Anesthesiology Digest – March 2023

March 23, 2023

Anesthesiology Digest: News from March 2023.
CMS Resumes IDR Payment Determinations Under No Surprises Act

By Jacqueline LaPointe | March 21, 2023

CMS has instructed certified independent dispute resolution (IDR) entities to resume payment determinations for disputes involving items or services furnished on or after Oct. 25, 2022, according to the American Hospital Association (AHA). Payment determinations for the disputes were paused earlier this year after a court rule against the federal agency.

A Texas judge ruled on Feb. 6, 2023, that a revised IDR process skews arbitration results in favor of payers, which violated Congress’ intent for the No Surprises Act.

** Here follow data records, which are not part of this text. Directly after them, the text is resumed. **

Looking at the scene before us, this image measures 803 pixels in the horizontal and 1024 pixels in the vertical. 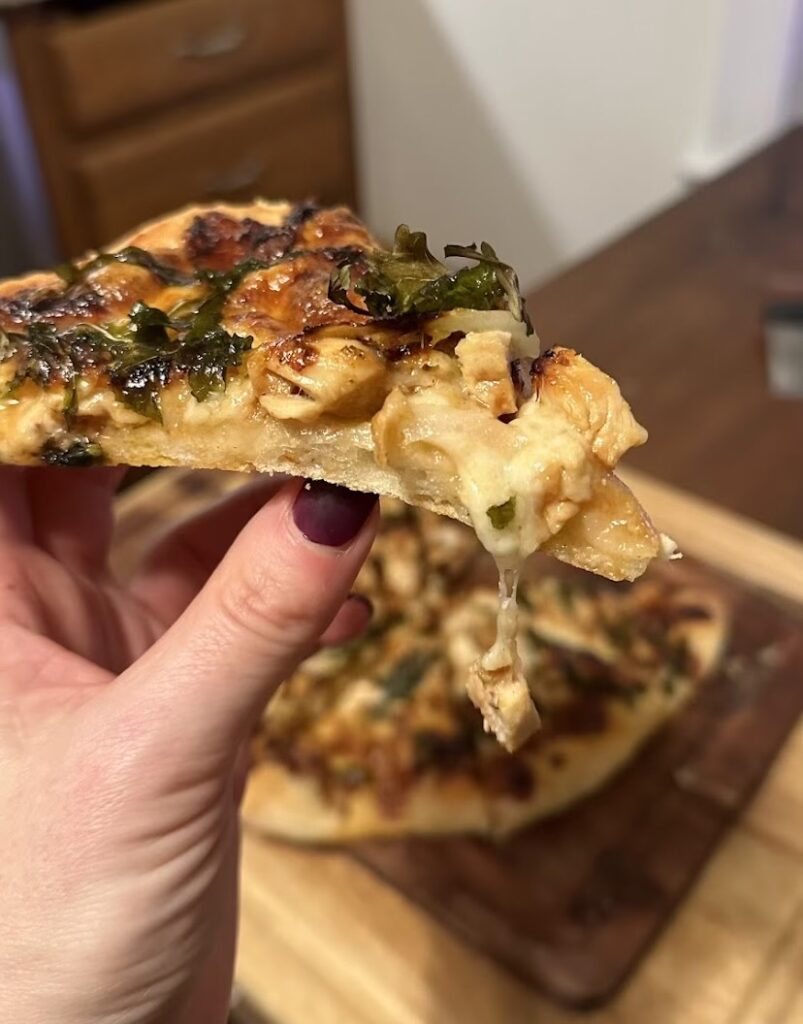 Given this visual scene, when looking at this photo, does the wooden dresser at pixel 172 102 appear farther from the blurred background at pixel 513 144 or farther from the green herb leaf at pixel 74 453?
the green herb leaf at pixel 74 453

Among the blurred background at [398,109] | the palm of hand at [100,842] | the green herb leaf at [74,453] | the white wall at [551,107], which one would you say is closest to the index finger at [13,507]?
the palm of hand at [100,842]

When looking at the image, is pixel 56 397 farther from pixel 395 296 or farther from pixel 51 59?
pixel 51 59

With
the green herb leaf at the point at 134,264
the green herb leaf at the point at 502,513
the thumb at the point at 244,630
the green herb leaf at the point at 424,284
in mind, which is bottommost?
the thumb at the point at 244,630

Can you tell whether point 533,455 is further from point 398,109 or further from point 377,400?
point 398,109

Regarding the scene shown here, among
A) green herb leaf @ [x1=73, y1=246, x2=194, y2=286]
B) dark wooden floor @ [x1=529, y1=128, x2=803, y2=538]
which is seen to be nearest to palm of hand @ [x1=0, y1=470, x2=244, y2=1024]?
green herb leaf @ [x1=73, y1=246, x2=194, y2=286]

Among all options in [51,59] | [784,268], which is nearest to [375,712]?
[784,268]

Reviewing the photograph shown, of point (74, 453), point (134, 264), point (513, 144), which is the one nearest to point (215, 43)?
point (513, 144)

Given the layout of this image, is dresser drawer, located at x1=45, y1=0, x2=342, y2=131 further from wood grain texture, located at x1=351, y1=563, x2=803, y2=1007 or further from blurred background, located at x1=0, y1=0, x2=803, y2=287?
wood grain texture, located at x1=351, y1=563, x2=803, y2=1007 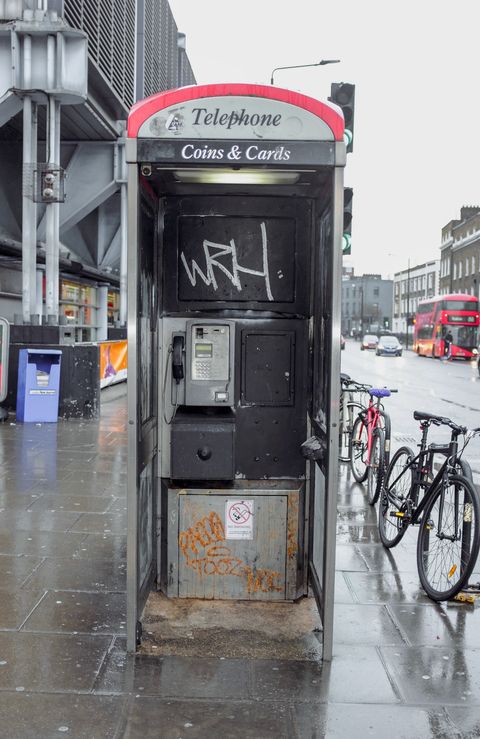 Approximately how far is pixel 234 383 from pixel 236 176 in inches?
51.7

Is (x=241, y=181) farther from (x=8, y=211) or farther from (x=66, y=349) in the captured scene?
(x=8, y=211)

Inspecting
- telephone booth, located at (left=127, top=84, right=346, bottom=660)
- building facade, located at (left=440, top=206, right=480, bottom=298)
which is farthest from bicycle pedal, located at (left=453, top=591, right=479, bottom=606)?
building facade, located at (left=440, top=206, right=480, bottom=298)

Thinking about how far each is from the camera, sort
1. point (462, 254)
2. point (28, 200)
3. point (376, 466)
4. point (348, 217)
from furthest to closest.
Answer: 1. point (462, 254)
2. point (28, 200)
3. point (348, 217)
4. point (376, 466)

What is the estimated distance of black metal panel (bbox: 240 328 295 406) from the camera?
462 centimetres

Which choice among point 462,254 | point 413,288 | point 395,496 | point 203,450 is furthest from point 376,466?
point 413,288

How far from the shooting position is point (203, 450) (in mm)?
4398

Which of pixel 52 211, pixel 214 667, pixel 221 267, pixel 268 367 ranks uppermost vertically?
pixel 52 211

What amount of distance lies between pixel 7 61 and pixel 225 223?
32.9ft

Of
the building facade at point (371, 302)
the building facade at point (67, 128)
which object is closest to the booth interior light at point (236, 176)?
the building facade at point (67, 128)

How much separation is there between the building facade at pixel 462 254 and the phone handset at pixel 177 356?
6204 centimetres

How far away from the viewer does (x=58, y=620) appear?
415 centimetres

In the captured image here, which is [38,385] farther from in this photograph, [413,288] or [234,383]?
[413,288]

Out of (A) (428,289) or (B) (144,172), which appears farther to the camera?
(A) (428,289)

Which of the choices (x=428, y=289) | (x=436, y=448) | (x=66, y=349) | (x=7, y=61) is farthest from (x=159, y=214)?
(x=428, y=289) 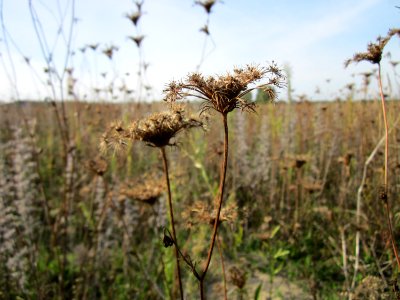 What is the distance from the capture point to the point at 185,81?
3.98 feet

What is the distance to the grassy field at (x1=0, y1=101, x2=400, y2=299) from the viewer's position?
280 centimetres

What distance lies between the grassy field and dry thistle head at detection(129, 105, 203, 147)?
10 cm

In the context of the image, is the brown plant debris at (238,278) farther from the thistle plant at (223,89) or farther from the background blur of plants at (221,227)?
the thistle plant at (223,89)

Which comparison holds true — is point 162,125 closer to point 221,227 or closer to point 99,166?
point 99,166

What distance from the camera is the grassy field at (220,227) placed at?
110 inches

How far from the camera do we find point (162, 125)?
1496 mm

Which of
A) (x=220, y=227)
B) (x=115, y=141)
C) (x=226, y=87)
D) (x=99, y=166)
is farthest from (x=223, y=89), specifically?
(x=220, y=227)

In the ruling, the judge vacated the regulations nationwide.

CMS stopped all payment determinations under the IDR process following the Texas court’s decision. Late last month, certified IDR entities could make payment determinations for disputes involving out-of-network items and services before Oct. 25, 2022, using the standards from October 2021 interim final rules.

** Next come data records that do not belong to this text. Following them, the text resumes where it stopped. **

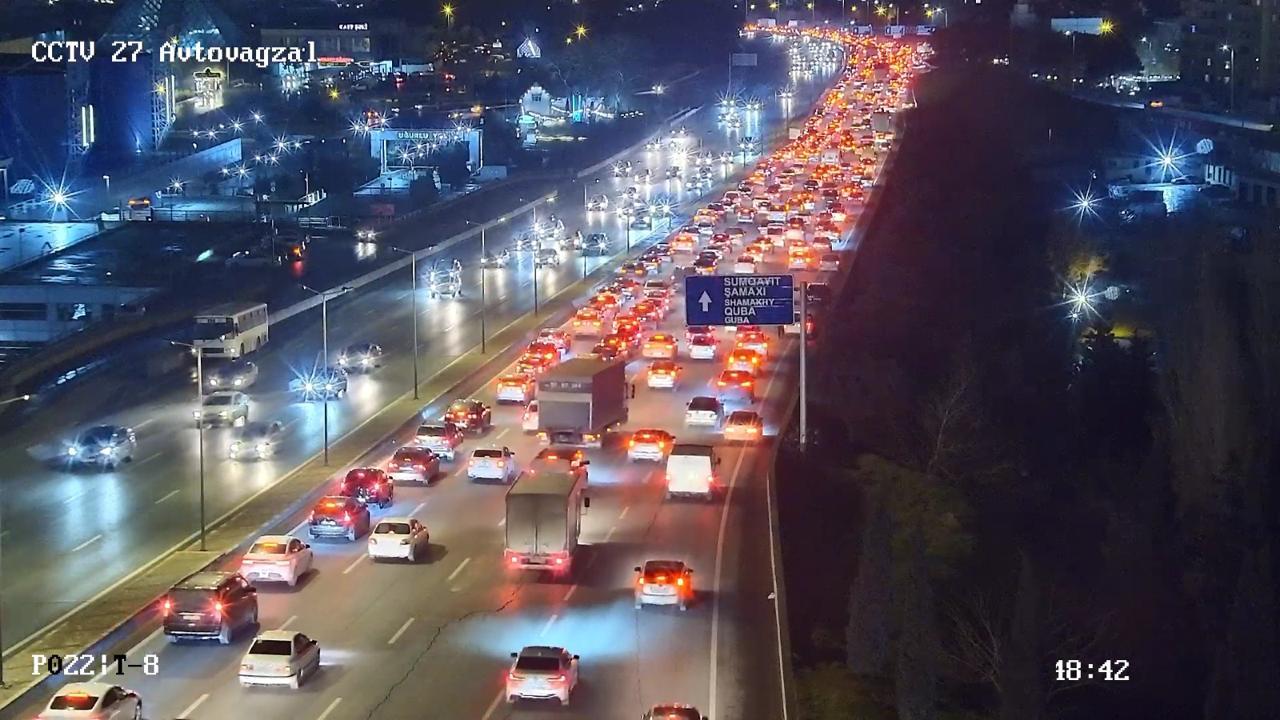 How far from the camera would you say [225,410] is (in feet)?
154

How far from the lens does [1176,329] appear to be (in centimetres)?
7112

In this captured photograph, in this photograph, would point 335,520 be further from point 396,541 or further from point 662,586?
point 662,586

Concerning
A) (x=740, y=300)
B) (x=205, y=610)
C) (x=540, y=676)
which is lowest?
(x=205, y=610)

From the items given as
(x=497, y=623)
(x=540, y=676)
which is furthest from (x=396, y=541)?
(x=540, y=676)

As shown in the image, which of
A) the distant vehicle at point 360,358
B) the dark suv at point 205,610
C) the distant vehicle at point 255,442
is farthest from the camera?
the distant vehicle at point 360,358

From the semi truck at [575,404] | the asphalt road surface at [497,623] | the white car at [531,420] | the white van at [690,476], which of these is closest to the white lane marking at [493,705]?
the asphalt road surface at [497,623]

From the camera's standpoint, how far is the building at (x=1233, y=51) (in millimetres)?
133125

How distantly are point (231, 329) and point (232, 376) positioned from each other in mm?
4168

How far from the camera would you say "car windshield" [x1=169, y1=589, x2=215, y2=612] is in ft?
87.2

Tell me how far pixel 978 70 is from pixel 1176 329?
266 feet

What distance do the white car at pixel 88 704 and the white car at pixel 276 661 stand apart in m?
2.36

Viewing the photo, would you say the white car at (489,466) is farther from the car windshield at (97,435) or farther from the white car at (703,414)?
the car windshield at (97,435)

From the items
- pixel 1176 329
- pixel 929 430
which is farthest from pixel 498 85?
pixel 929 430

This month, CMS dropped additional guidance for payment determinations made on or after Feb. 6, 2023, for items and services furnished on or after Oct. 25, 2022, for plan years beginning on or after Jan. 1, 2022.

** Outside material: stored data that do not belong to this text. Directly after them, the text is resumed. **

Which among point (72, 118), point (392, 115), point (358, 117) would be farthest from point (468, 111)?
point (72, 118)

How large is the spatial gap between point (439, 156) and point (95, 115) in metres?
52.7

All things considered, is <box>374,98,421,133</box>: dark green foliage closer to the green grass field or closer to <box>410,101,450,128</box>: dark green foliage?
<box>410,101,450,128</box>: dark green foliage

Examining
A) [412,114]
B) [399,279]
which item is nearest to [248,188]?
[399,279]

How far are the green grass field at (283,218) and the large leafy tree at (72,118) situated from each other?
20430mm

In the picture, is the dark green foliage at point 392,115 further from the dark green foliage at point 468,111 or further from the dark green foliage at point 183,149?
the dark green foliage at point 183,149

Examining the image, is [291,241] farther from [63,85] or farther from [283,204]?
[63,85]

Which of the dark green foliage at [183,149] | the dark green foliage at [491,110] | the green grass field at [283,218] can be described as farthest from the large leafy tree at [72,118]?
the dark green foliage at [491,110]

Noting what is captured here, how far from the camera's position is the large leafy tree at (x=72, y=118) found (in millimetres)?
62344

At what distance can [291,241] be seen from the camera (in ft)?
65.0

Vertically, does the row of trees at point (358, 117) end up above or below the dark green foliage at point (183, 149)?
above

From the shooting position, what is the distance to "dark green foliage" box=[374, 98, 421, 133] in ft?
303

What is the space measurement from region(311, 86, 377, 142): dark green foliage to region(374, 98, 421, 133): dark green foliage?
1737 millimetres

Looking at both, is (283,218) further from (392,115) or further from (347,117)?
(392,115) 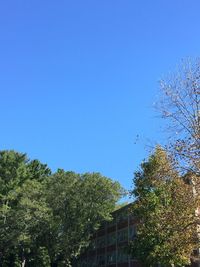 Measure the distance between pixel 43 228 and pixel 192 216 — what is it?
3939 cm

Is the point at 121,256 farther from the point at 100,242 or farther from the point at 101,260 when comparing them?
the point at 100,242

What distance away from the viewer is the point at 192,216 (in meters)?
23.1

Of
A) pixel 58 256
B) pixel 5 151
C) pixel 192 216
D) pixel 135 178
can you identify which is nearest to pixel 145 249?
pixel 135 178

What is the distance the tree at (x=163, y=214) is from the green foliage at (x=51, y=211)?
57.5 feet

The AHA also said CMS announced that starting Mar. 17, 2023, disputing parties will start getting most of their payment determination notices from the IDR portal, specifically from auto-reply-federalidrquestions@cms.hhs.gov.

Professors in a new Health Affairs Forefront blog post say that it remains unclear how the Texas judge’s decision to vacate the IDR regulation will be appealed or what comes next for the process.

“[I]t obviously represents a wild card that could change the IDR balance of power in the direction of providers at the expense of insurers,” wrote research professors Jack Hoadley, PhD, and Kevin Lucia, JD, MHP, from the Center on Health Insurance Reforms at Georgetown University’s McCourt School of Public Policy.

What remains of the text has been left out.